In computational materials science, many problems require the execution of numerous parallel simulation tasks on High Performance Computing (HPC) resources. Often a single published data point is the result of several parallel tasks executed in a specific sequence. Despite the continual improvement of computational capability, parallel simulation tasks are generally prepared, executed, and analyzed in a non-automated way via the command line and a job scheduler. If the cost savings and time reduction goals of the MGI are to be realized, automation is critical.

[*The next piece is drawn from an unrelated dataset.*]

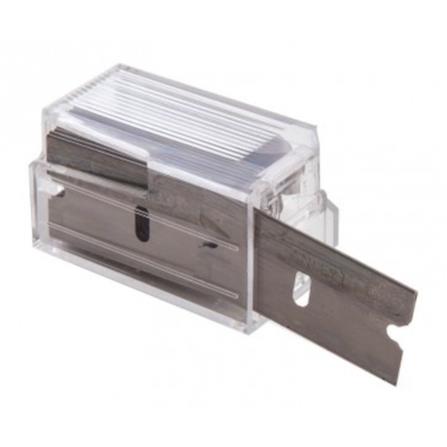 STANLEY RETRACTABLE BLADE SCRAPER PACK OF 10PCS 28-510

In response to the MGI, researchers in the Thermodynamics and Kinetics Group are investigating methods to automate the assembly and distribution of parallel simulation tasks, which we refer to as a scientific workflow. One obvious solution is the use of a traditional workflow management system. However, many traditional workflow management systems require wholesale changes in administrative and user activities. Therefore, we extend our investigation into non-traditional tools that can allow for incremental adoption and integration with existing HPC infrastructure.
We are currently focused on the capabilities and limitations of IPython. We create an example workflow in IPython Notebook and distribute parallel simulation tasks using the IPython Cluster. The Notebook is an intuitive interface, which can be replaced by python code. The primary source of automation is the IPython Cluster, which is used as a dynamic gateway to HPC resources. IPython parallel allows simple and robust ways to distribute and execute tasks on the IPython cluster. Upon execution, the workflow distributes and executes all tasks to the appropriate IPython engines. In contrast, without automation, the user would manually manage the series of tasks, requiring significant time and with a much greater chance of error.
IPython has limitations and may not be a replacement for a traditional workflow management system in certain circumstances. Therefore, we continue to investigate scientific workflow tools that allow for the assembly and distribution of parallel simulation tasks.